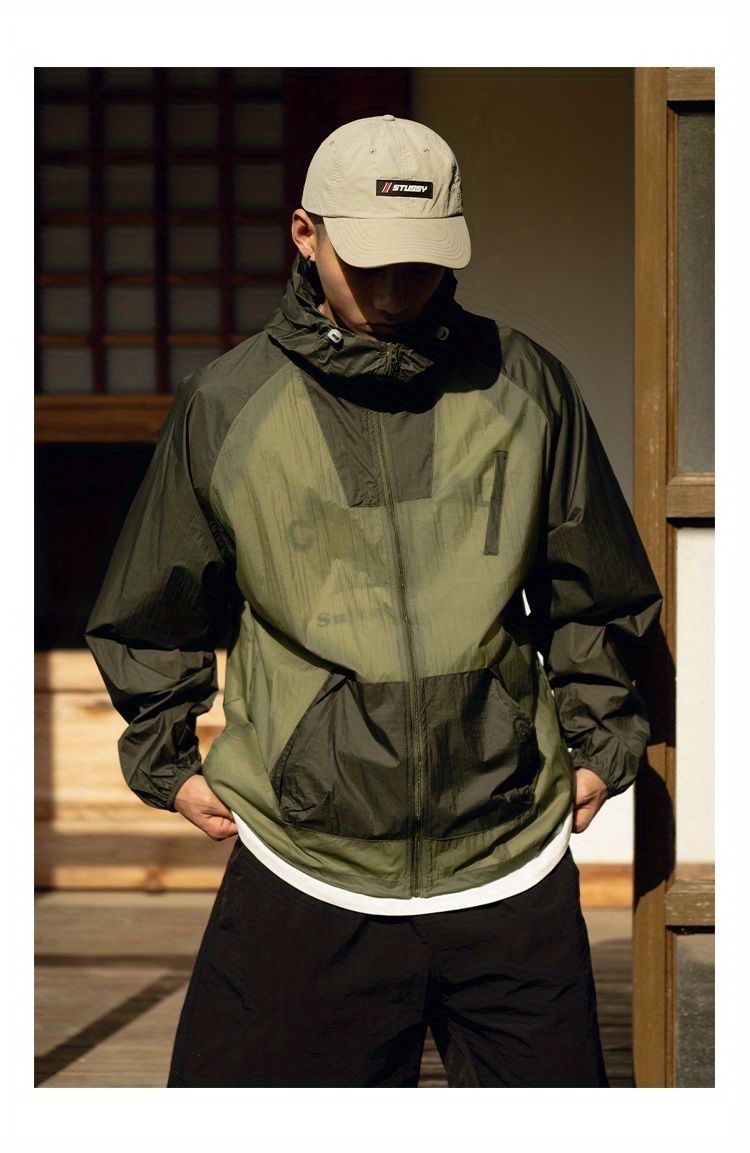 Sommer UPF+50 Herren Bergsteigen Sonne Kapuze Atmungsaktiv Ice Silk UV-Schutz Kleidung_voghion.com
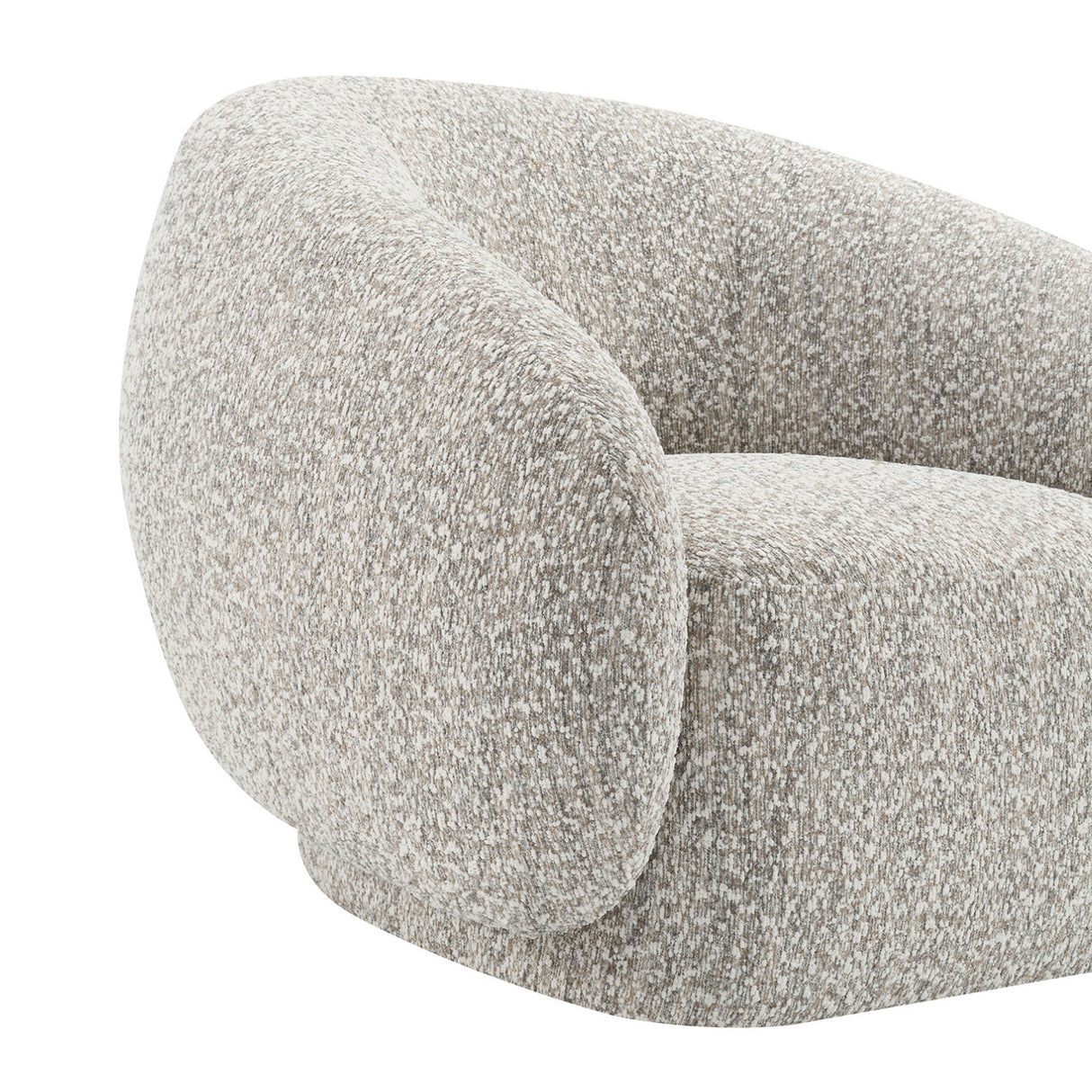 Contemporary Boucle Upholstered Swivel Chair | OROA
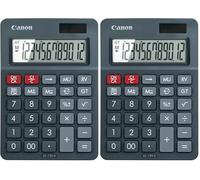 Canon Calculatrice de Bureau 12 Chiffres AS-120 II (Lot de 2)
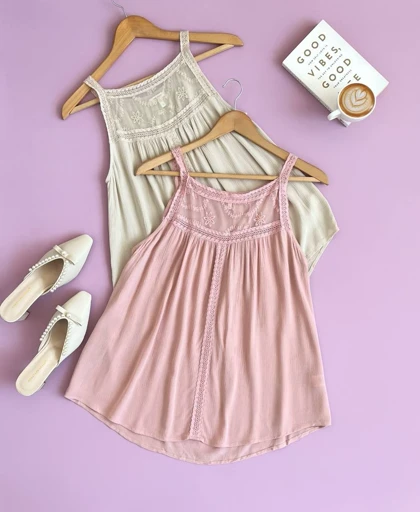 تاپ نخ کریشه فانتزی کد 1651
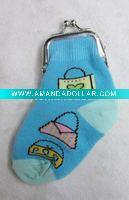 Fashion sock coin wallet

———

Problem to work on :: Set down only the lines running from the line with "Canon Calculatrice de" to the end of the entries, inclusive; omit every picture.

Exercise result ::
 Canon Calculatrice de Bureau 12 Chiffres AS-120 II (Lot de 2)
 تاپ نخ کریشه فانتزی کد 1651
 Fashion sock coin wallet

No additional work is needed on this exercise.